Neh'h
In Oct 2012, I went in to the cat shelter to collect my newest adoptee, Neh'h (pronounced N-heh, it's an ancient Egyptian word referring to an aspect of time), but when I did, I was asked by the shelter's vet if I could also take a little kitten with me as well, rescued from the same home as Neh'h who needed round the clock medicating. I agreed to foster the kitten while the vet went on holiday. So instead of coming home with one cat, I came home with two, good thing I have an understanding husband!
I settled the pair into the main bathroom which is quite spacious, warm and easy to keep clean. For contagion reasons, the kitten had to be kept isolated from my own two cats, British Shorthairs I had brought with me from London.
The kitten was tiny, emaciated and needed antibiotics every few hours for an intestinal infection. The kitten immediately went to Neh'h who stayed inside the safe space of the carrier for the first two weeks of his life in our house. I found out Neh'h and Djet had been rescued from a hoarding situation where there had been eighteen cats, many of them starving and ill. When I saw Neh'h in the quarantine cabin, he was scrunched up tight into the corner of his cubicle, trying to make himself as small as possible. My heart aching for him in his abject misery, I asked what was going to happen to him and was told he would likely be put down since he was old. I was stunned because he didn't look old at all to me. They said they thought he was about three, which is old by Swedish standards, making cats that age hard to adopt. I said no way were they putting him down, that I would take him home as my own. (Side note - since then, my friend took over running the shelter and made it a no-kill shelter, so no longer do cats who get sent to that shelter need fear death).
Here is Neh'h with the kitten (whom I later named Djet), on the first day of their arrival to our house.
Neh'h was very timid and shy, so I took my time with him, giving him lots of space, reassurance and love. It turned out, the vet asking me to foster Djet was the best thing we could have done for both of the cats. Neh'h bonded with Djet and once Djet was stronger and able to mingle with the other two cats in the house, I soon learned wherever Djet was, Neh'h was sure to be close by.
We decided to adopt Djet.

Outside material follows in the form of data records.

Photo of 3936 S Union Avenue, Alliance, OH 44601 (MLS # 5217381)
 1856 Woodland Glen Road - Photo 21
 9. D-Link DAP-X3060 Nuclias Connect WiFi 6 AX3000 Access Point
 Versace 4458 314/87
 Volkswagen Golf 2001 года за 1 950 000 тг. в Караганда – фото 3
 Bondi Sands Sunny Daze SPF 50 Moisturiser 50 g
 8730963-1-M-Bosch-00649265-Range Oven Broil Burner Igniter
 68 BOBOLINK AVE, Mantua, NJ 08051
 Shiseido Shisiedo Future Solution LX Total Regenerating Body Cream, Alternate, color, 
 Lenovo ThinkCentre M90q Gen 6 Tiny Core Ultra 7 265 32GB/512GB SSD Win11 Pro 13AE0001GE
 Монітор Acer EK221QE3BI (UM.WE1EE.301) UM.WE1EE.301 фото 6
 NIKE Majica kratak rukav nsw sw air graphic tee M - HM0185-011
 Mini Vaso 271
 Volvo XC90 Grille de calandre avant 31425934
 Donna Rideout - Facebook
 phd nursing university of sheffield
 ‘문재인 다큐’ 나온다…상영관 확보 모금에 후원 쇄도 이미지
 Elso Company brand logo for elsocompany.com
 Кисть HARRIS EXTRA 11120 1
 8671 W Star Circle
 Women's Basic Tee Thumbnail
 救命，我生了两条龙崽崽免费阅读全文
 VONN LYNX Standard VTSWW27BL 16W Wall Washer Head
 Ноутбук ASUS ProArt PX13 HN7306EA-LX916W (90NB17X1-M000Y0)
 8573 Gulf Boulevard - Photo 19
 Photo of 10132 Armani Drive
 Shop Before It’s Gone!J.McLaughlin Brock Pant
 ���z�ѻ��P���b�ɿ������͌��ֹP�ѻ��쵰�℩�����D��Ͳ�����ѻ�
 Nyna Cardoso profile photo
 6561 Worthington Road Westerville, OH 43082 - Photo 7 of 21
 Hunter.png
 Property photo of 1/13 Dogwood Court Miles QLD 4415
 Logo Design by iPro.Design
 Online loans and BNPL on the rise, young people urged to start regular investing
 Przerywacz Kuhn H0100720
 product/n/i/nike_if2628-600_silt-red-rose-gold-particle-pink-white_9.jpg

Tragically, in late March 2013 he fell ill after contracting borrelia from a tick bite. In June 2013 despite our desperate efforts to save him (including working with a specialist US veterinarian based in the States), we lost Djet to the wet version of the fatal disease FIP. It was a terrible, terrible time for all of us. Almost exactly one year previously we had lost our little dog Harvey to primary epilepsy at the young age of two and ten days later our rescue cat Nahkla died to DKA, the fatal version of diabetes. I had grown extremely fond of Djet and I was devastated, the house felt empty without him.
For days, Neh'h searched and called for his little brother. It was heartbreaking. We did everything we could to comfort him, but he shed weight, refused to eat, and withdrew. I worried we would lose him, too. I bought every kind of delicious, tempting food I could find to entice him. Sometimes it worked. Eventually, he moved on, returning to his food and his routine, but he wasn't the same anymore, his heart was broken. We worked hard to reassure him, to give him all the attention and space he wanted, talking about adopting another cat to give him a companion since my British Shorthairs were not particularly sociable. We decided to wait, mostly because it seemed wrong to adopt a cat just for the sake of another cat. Each cat needs to be adopted on its own merit.
In April 2014, we adopted Ninya, and when Neh'h met her, he cried out to her, a little plaintive cry. And the rest, was history. Neh'h and Ninya immediately grew very close, not as close as he was to Djet, but it was enough. He is content again. He is not alone anymore. Now, he talks to us, announcing his arrival into the house whenever he comes in from outside so we can brush him. He loves to ninja our food from our plates, coming up onto the table and reaching out with a little paw to steal a broccoli or piece of pasta. He will eat almost anything, though we try to control that, since not everything is good for him. We suspect his odd behaviour (since he has free choice food 24/7 and raw chicken mince twice a day) is an artefact of his life when he was in his previous home and had to survive on scraps in the garbage.
When he first came to us he didn't purr. I wondered if maybe he couldn't. But one day, about a year after Ninya arrived we heard a sound: a soft, deep thrumming. My husband and I looked at each other, astonished.
Neh'h, curled up on my husband's lap, was purring. Our little boy had finally found happiness.